SUPPLIED ENTRIES

+++

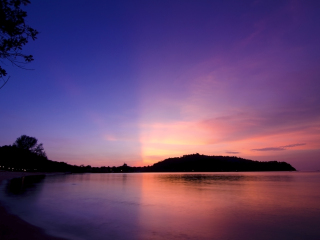 邦咯岛海滩度假村
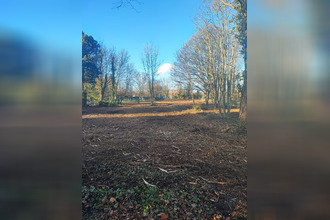 Ma-Cabane - Vente Terrain La Motte-Tilly, 3839 m²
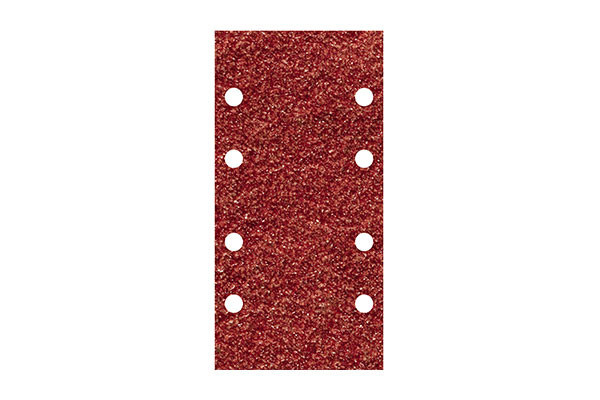 HOJAS LIJA VELCRO MAD/METAL 10U WOLFCRAFT GRANO 120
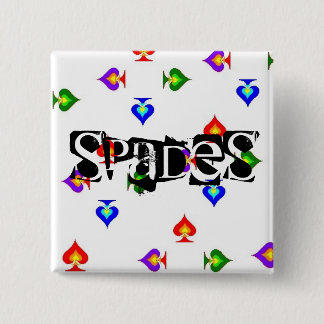 Spade Button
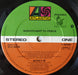 Boney M. – Nightflight To Venus LP vinyl record, image 5 of 7
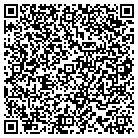 QR code with Roanoke Fire Department Support contacts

+++

TASK DESCRIPTION
When you copy the data above, reproduce each line exactly and skip every image.

TASK OUTPUT
 邦咯岛海滩度假村
 Ma-Cabane - Vente Terrain La Motte-Tilly, 3839 m²
 HOJAS LIJA VELCRO MAD/METAL 10U WOLFCRAFT GRANO 120
 Spade Button
 Boney M. – Nightflight To Venus LP vinyl record, image 5 of 7
 QR code with Roanoke Fire Department Support contacts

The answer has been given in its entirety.